Wood Core: The standard core which has throughout time provided the best performance and durability. Each model may have it's own density level to help define flex and maximum speed but every wood core ski will be solid.
Cap Construction: The topsheet of this ski drapes over the edge to form a clean and rounded finish to the side of the ski. This style of construction adds some torsional rigidity, and helps reduce topsheet chipping when the skis hit each other.
Active Camber: In a world of early rise, rocker, and reverse camber, there still is a need for traditional full camber skis. The edge grip and stability is unmatched on groomed snow. This ski gets maximum edge to the snow, so it helps skiers skiing the firm stuff, or just prefer the 'feel' of traditional camber skis.

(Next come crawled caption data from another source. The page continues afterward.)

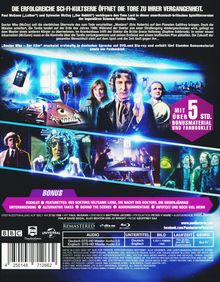 Doctor Who - Der Film (Blu-ray), Blu-ray Disc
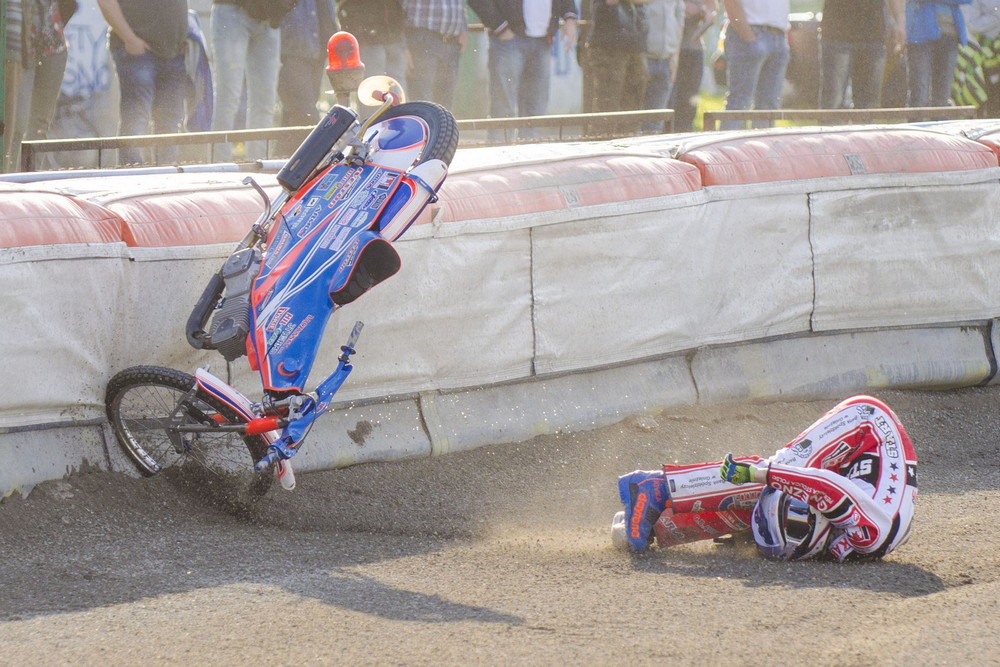 KSM Krosno - GTM Start Gniezno. Fot. Karol Słomka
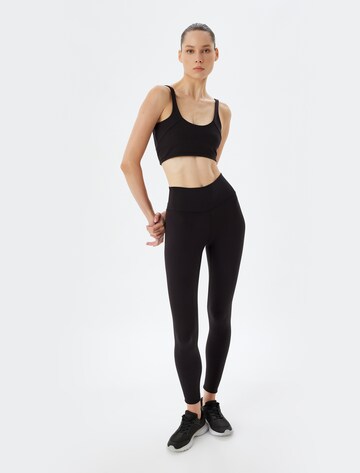 Koton Skinny Leggings in Black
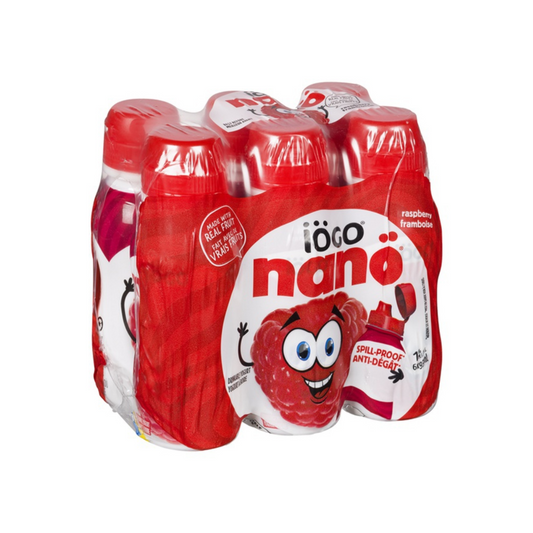 Raspberry Drinkable Yogurts - Iogo (Wholesale)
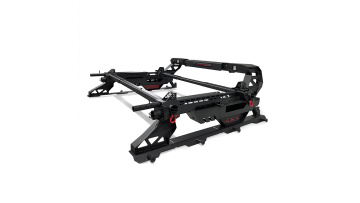 B000122-A 4X4 Dongsui  Sale Black Steel Pickup With Light Sports Roll Bar for Dodge Ram 2500 2023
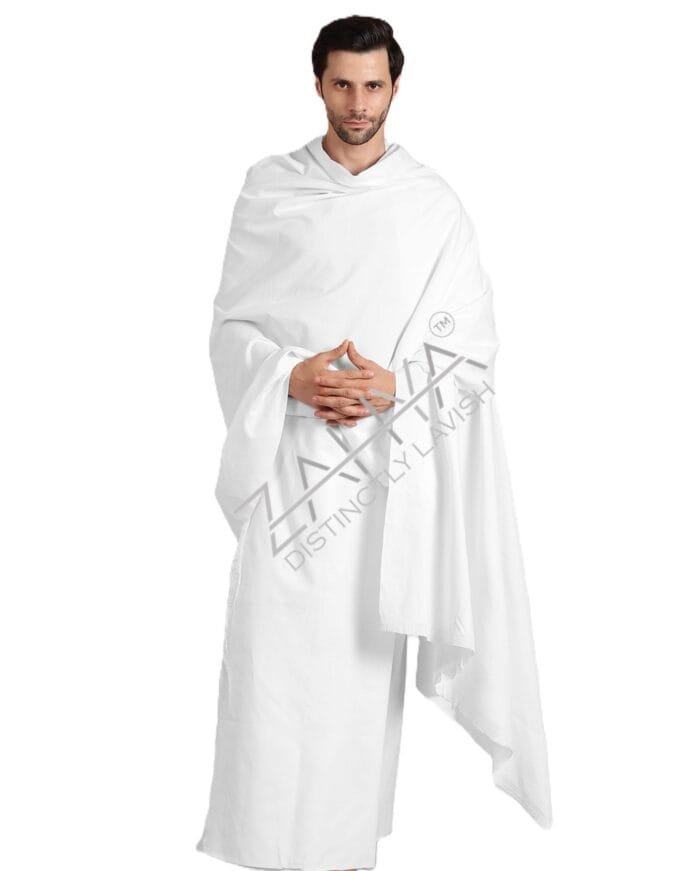 Picture3 Bamboo Ihram for Hajj – Ultra-Soft, Breathable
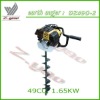 49CC earth drill DZ490-2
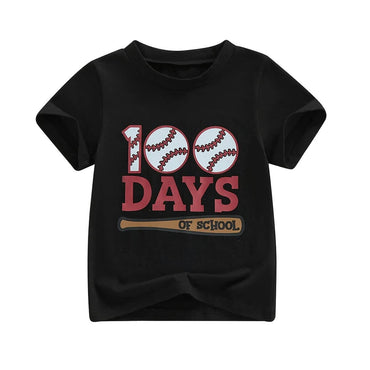 100 Days of School Toddler Tee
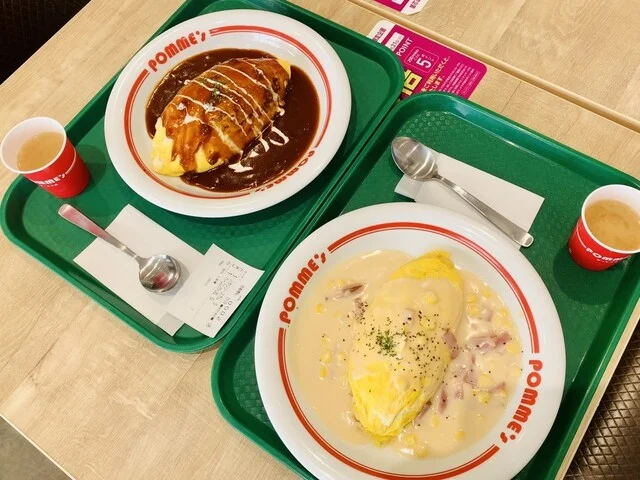 ポムの樹Jr.  イオンモール名取店 - 杜せきのした（オムライス）の写真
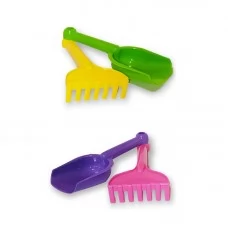 Песочный набор M Toys лопатка грабелька 21 см
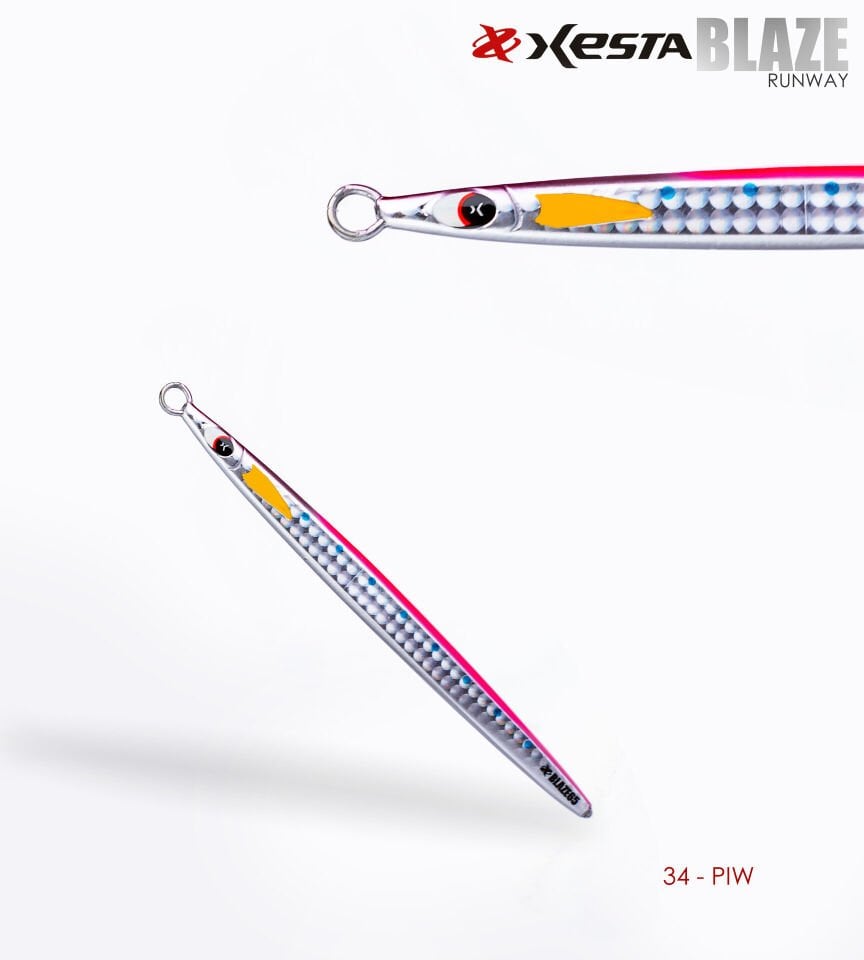 XESTA RUNWAY BLAZE 65G JIG PIW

Glossy Topsheet: The finish of this ski is glossy to help keep snow from sticking to it and to look pretty fancy.
Spring blade technology: The core profile of this ski resembles that of a spring blade from a truck. The thickness of the ski has steps to give great edge hold underfoot, but is thin at the tip and tail to reduce swing weight for maximum maneuverability.
Twin tip skis: are where its at these days. Their versatility allows you to ski powder in the morning, bumps at midday, and session the park in the afternoon. The turned up tail is also optimal for skiing backwards (switch), but for most people, it just looks cool.